Ora la vera speranza è che il ballottaggio si possa giocare su temi concreti come questi e non su fattori superficiali che lasciano il tempo che trovano riguardo le scelte di fondo che ci attendono. Pierluigi Bersani punta molto sulla solidità dei suoi rapporti con gli altri progressisti europei, e propone la creazione di un’azione comune con questi per incentivare la crescita, gli investimenti e l’occupazione in modo da capovolgere la tendenza e far uscire il continente dalla crisi. Matteo Renzi propone un nuovo sistema di investimenti e di opportunità soprattutto per i giovani, e si rifà a quel mondo della rete che come mentalità è gia completamente in Europa.
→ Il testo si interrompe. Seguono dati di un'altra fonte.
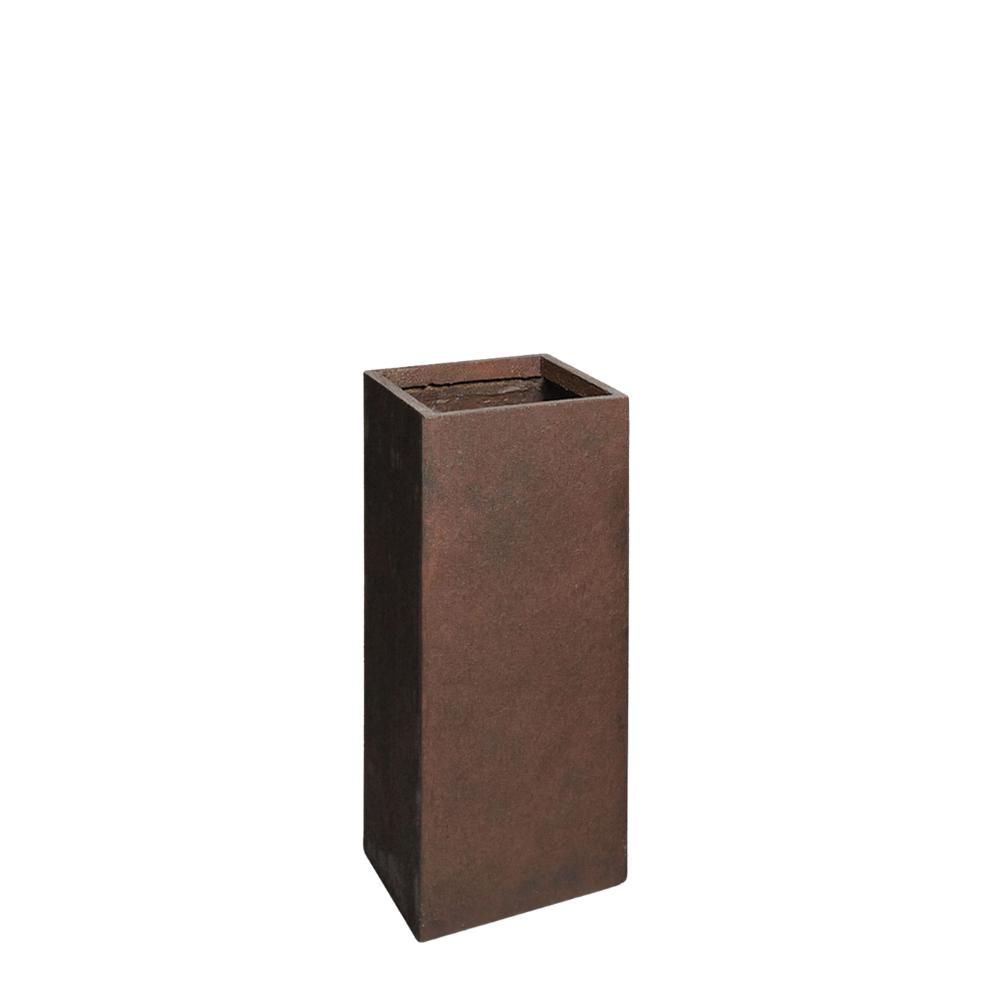 FIORIERA POLIRESINA 28X28 CM H.60 CM -TEXAS CUBIHI- CORTEN/MRRN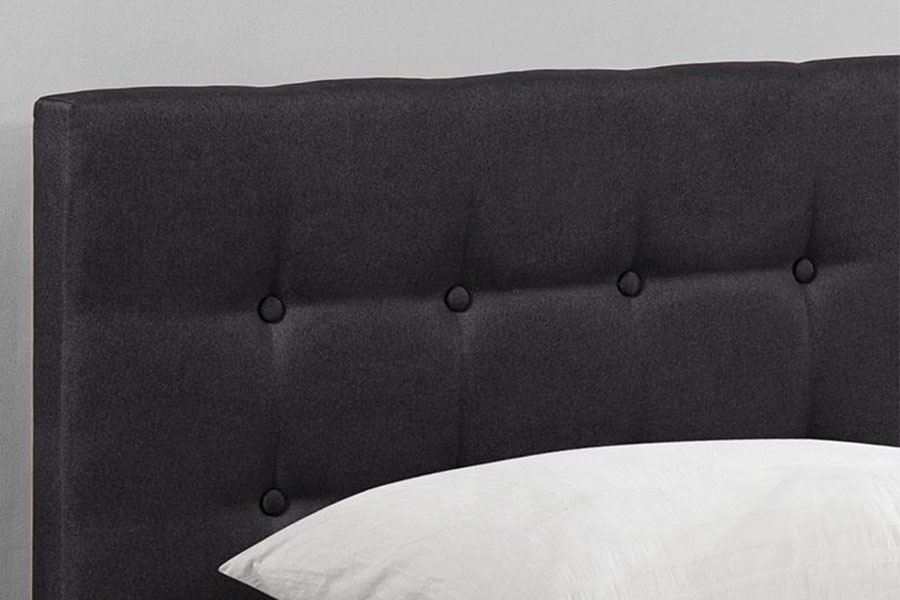 Cadre de lit ottoman simple rembourré en bois massif à boutons capitonnés 1286G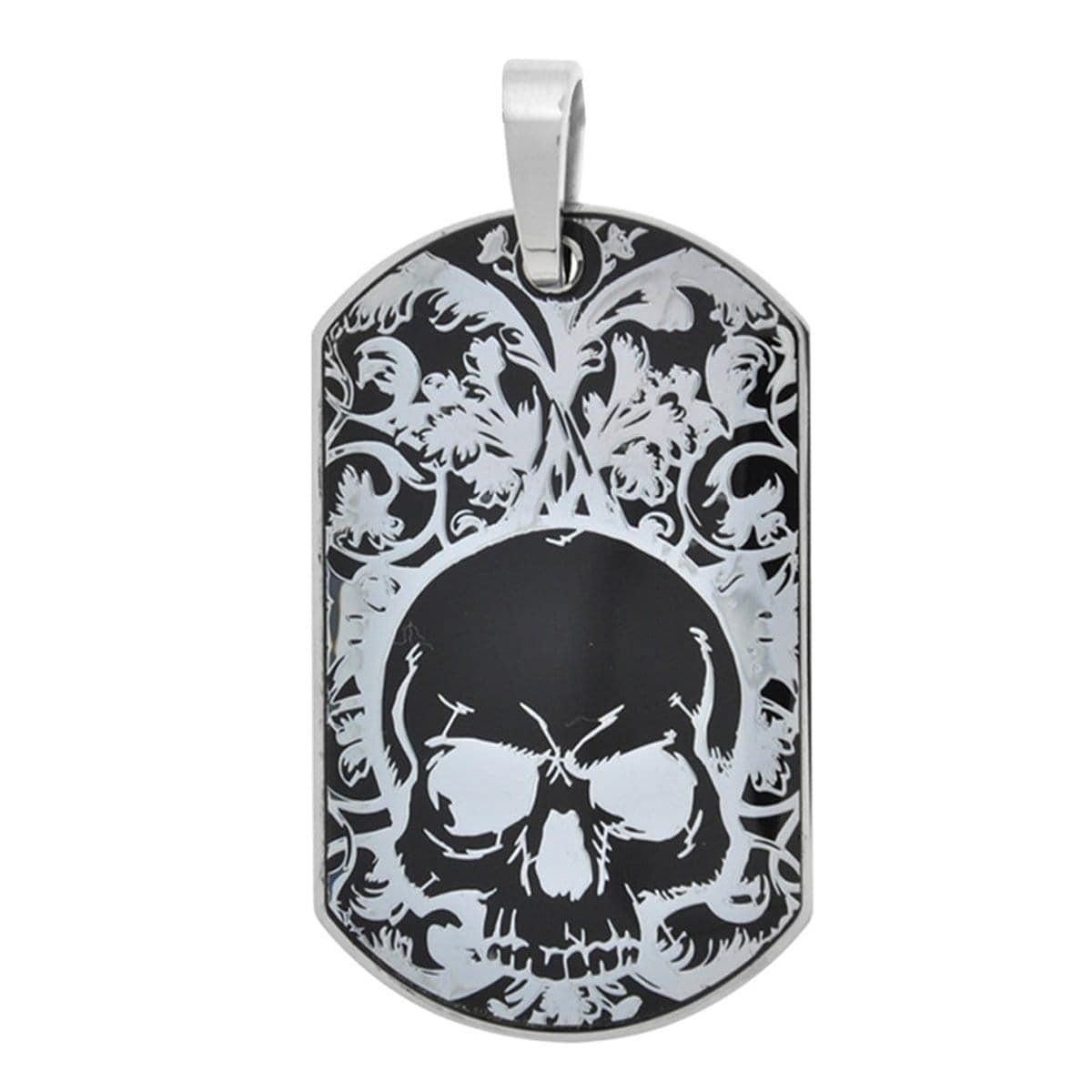 INOX JEWELRY Pendants Stainless Steel Black IP with Skull Design Dog Tag Pendant with Chain SSP7078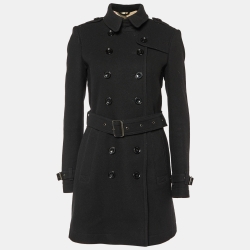 Pre Owned Burberry Brit Black Wool Double Breasted Belted Coat S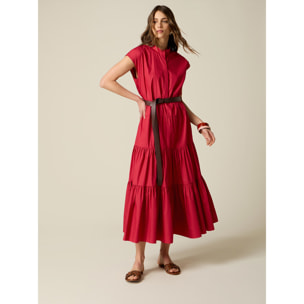 Oltre - Vestito chemisier in popeline con cintura - Rosso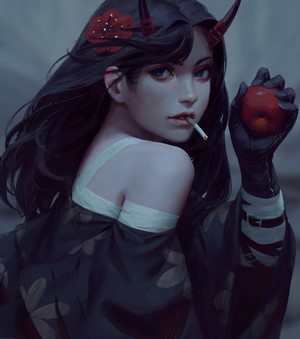 Oni girl with horns smoking and holding an apple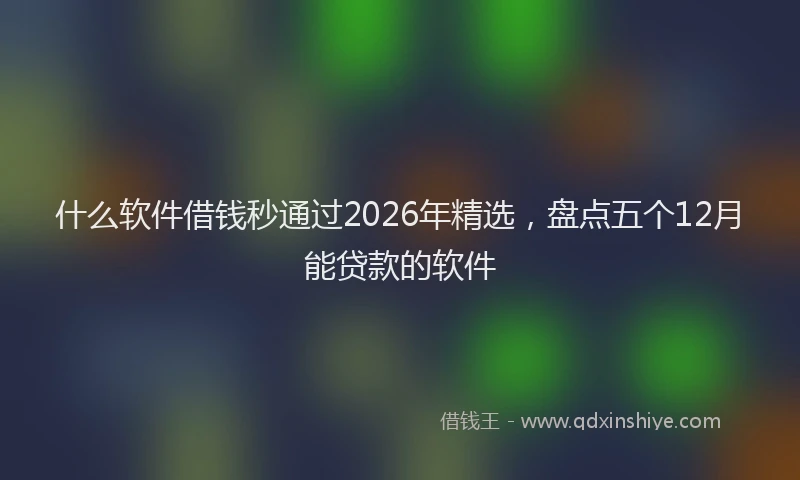什么软件借钱秒通过2026年精选，盘点五个12月能贷款的软件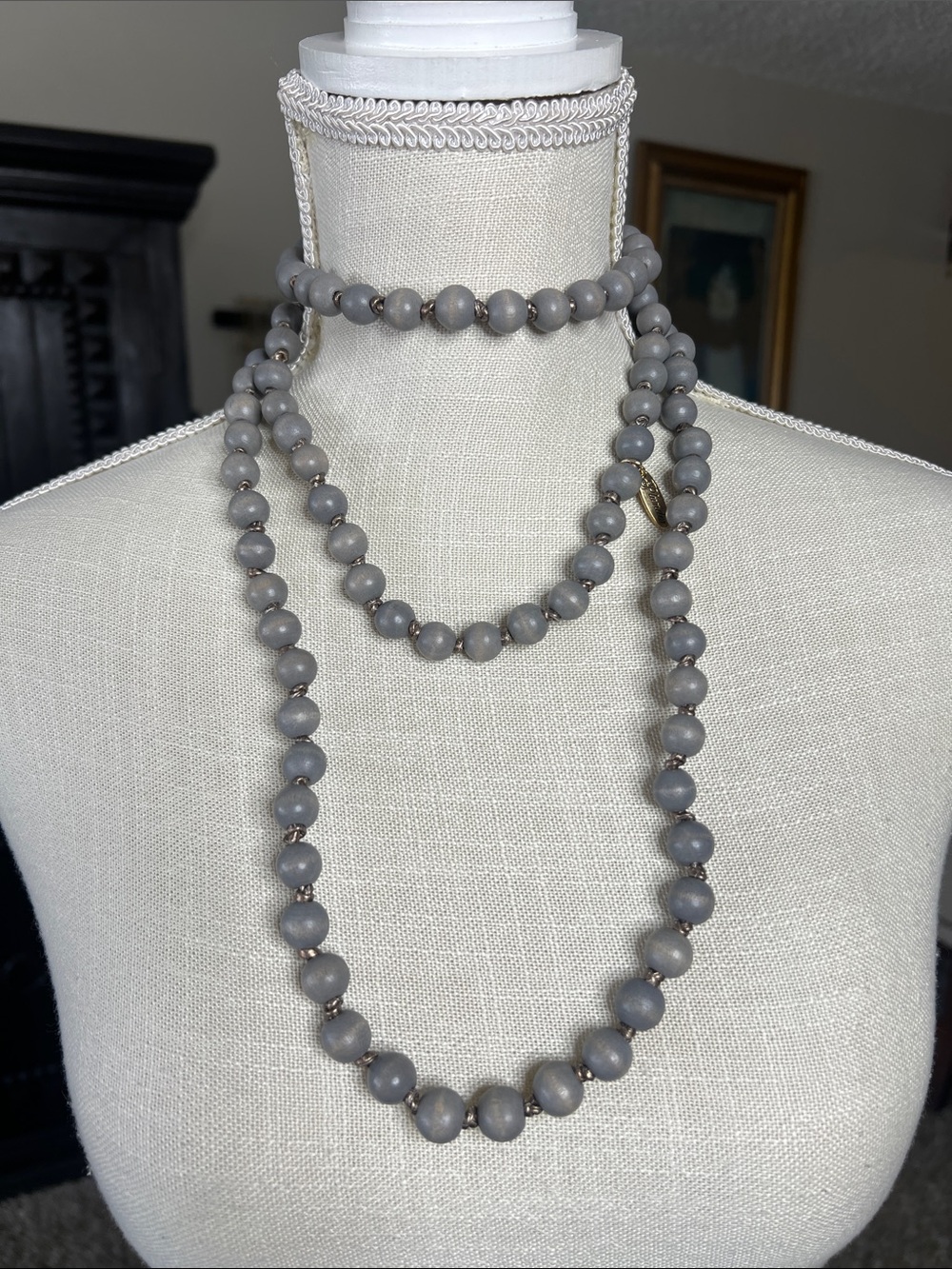 NEW Plunder Long Gray Wood Bead Statement Convertible Boho Oversized Necklace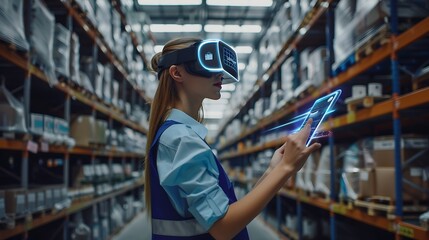 Woman Wearing VR Virtual Reality Headset with Modern Warehouse Background for Futuristic Metaverse Advanced Discovery Technology Concept. AI generated
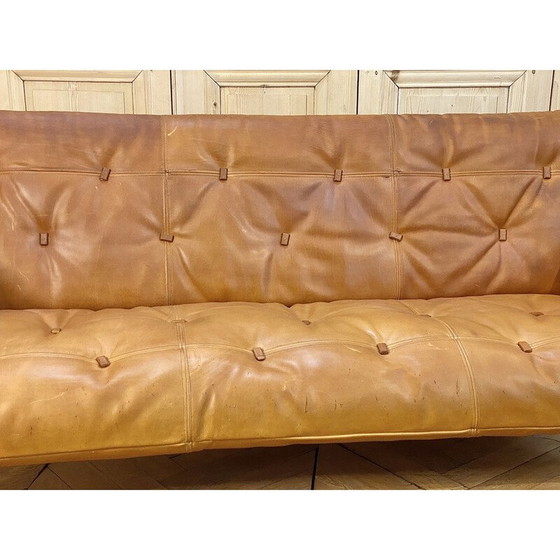 Image 1 of Vintage leren bank van Jean Gillon voor Woodart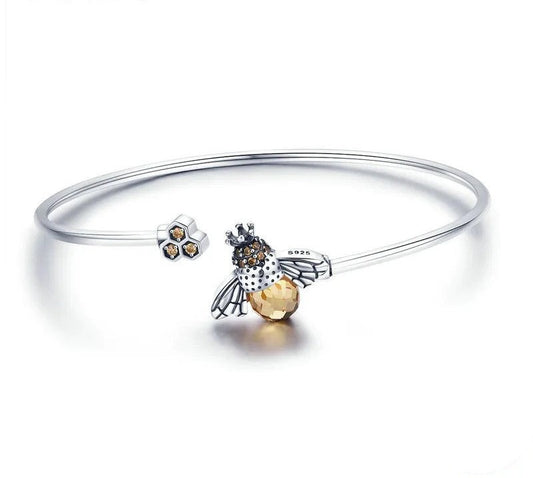 925 Sterling Silver Crystal Yellow Bee Bracelet - TEA LU SHOP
Entrambi richiamano l’esigenza e la volontà di costruire quanto prima gli Stati Uniti d’Europa, ma non vi è ancora stata occasione di sentirli confrontare riguardo a complicati problemi che si ritroverebbero d’improvviso a gestire, come ad esempio il mancato accordo sul bilancio comunitario, gli aiuti alla Grecia o le riforme istituzionali necessarie per avvicinare l’Unione europea ai suoi cittadini.

In definitiva anche le primarie del centro sinistra corrono il rischio di vivere quel provincialismo che ha dominato gli ultimi 20 anni tutta la politica italiana: o si capisce che ormai la globalizzazione ha imposto un livello di azione economica-finanziaria che la politica non è in grado di gestire autonomamente senza una azione comune europea, oppure le stesse forme di democrazia che conosciamo oggi possono essere messe a rischio. L’arena della politica ormai è europea e il come, il quando e chi in Italia dia piu garanzie nel conseguimento dell’obiettivo ultimo degli Stati Uniti d’Europa dovrebbe essere il criterio di scelta, non solo per le primarie, ma per qualsiasi occasione di voto che si preannuncia nel prossimo futuro.